[The data Boundary: Start]

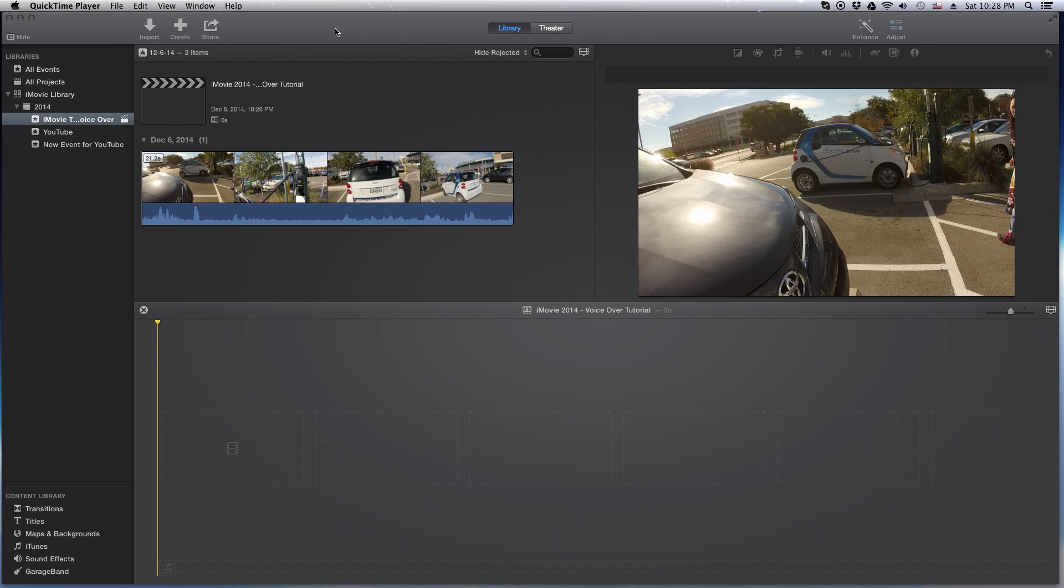But I highly recommend using something like the Audio-Technica 2005 USB, which is what I use. That way you can connect it to USB or when you kick it up a notch and get a mixer, you can actually connect it via XLR.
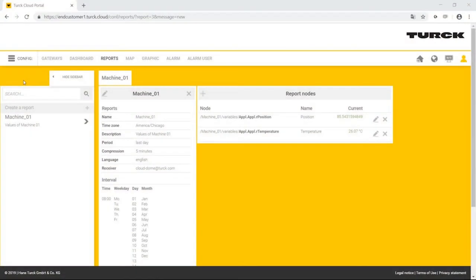The customer of Machine 1 wants employee Bart Simpson to have access to Turck Cloud. The employee is to be able to monitor and operate Machine 1.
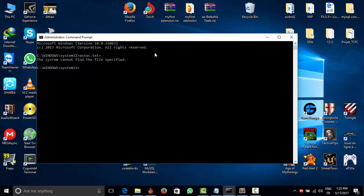You might get a message up here. You're going to type the command for .txt files. You'll get a message 'file association is not found' because the first command is going to change the association between the file extension and the application.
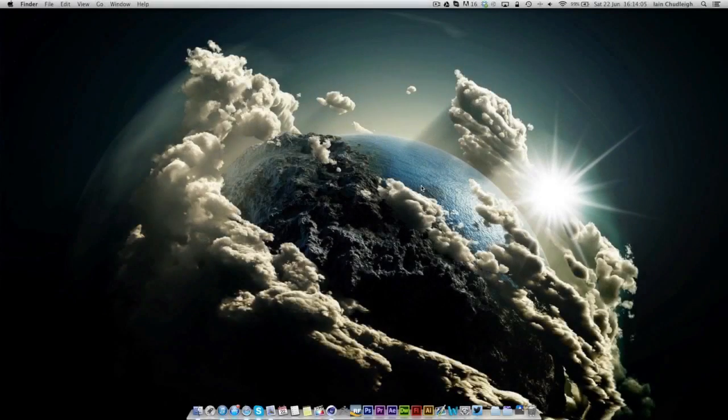Hey there guys, Ian here. Today I'm bringing you another Cinema 4D and After Effects tutorial.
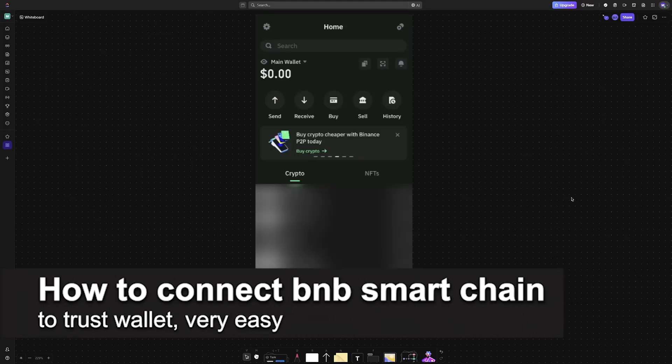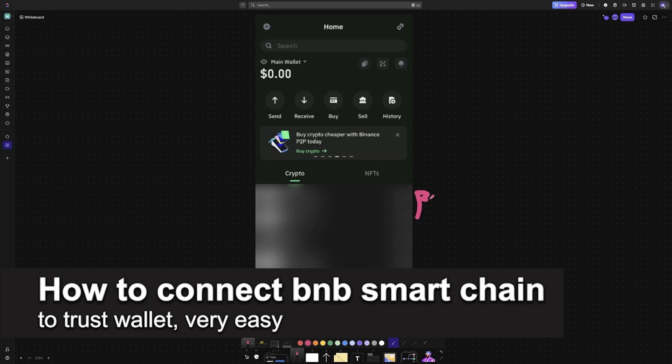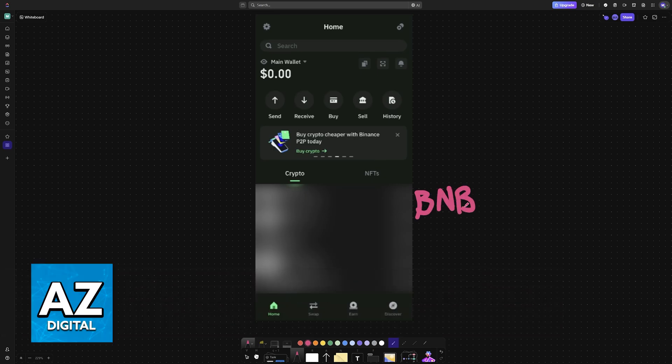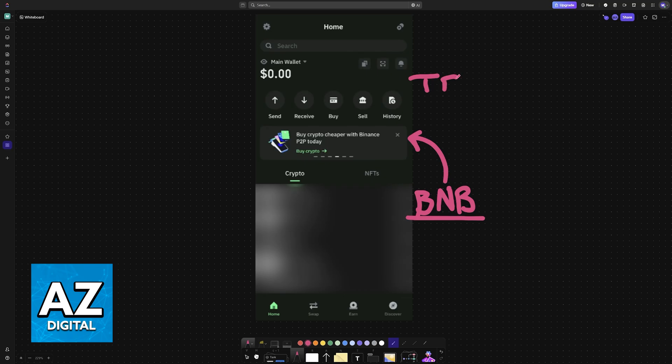In this video, I'm going to teach you how to connect BNB Smart Chain to Trust Wallet. It's a very easy process, so make sure to follow along. I'm going to show you how to properly set up the BNB network and use it in conjunction with your Trust Wallet.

[The data Boundary: End]

Your objective
Copy each line above precisely, dropping the pictures.

Reply
But I highly recommend using something like the Audio-Technica 2005 USB, which is what I use. That way you can connect it to USB or when you kick it up a notch and get a mixer, you can actually connect it via XLR.
The customer of Machine 1 wants employee Bart Simpson to have access to Turck Cloud. The employee is to be able to monitor and operate Machine 1.
You might get a message up here. You're going to type the command for .txt files. You'll get a message 'file association is not found' because the first command is going to change the association between the file extension and the application.
Hey there guys, Ian here. Today I'm bringing you another Cinema 4D and After Effects tutorial.
In this video, I'm going to teach you how to connect BNB Smart Chain to Trust Wallet. It's a very easy process, so make sure to follow along. I'm going to show you how to properly set up the BNB network and use it in conjunction with your Trust Wallet.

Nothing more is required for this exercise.